Posted on Fri, 20 Jul 2007

I'm currently reading an old (1993) book called Software Internationalization and Localization: an Introduction (ISBN: O-442-01498-8) that a collegue leant me so I can learn about the various aspects of internationalisation for protocol design. It's really quite interesting really, and I really think every student educated in any Computer Science or Information Science paper should know about the various issues.

One of the things that struck me is the use of spaces to delimit words, when spaces may be used quite legally in places that would not be considered a breaking space. One example (§2.2.7) is as the thousands seperator in numbers in some languages. I don't know which languages encompass this rule, if you know, please tell me.

In HTML, we have the escape sequence   for non-breaking-space. Unicode has NO-BREAK SPACE (U+00A0). Does ASCII have such a space? No. Well, not 7-bit ASCII (which is what the term ‘ASCII’ means), but there is in extended ASCII.

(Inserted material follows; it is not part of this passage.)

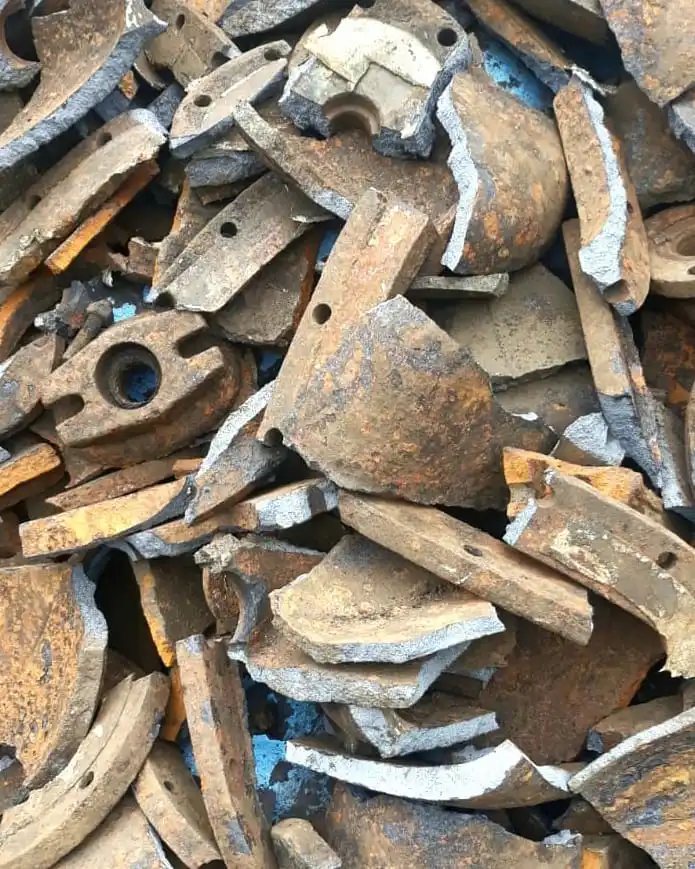 Cast Iron Scraps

I remember, as a boy, writing some of the programs in Peter Norton's books about the PC, and BASIC programming. One of the pages I would frequently turn to would be the chart with the 7 and 8-bit ASCII characters. One thing that puzzled me at the time was why character 255 is the same as a space. Well, it looks the same, but its not. Character 255 (in those code-pages where it is used, I don't know how well they are deployed) is the non-breaking space.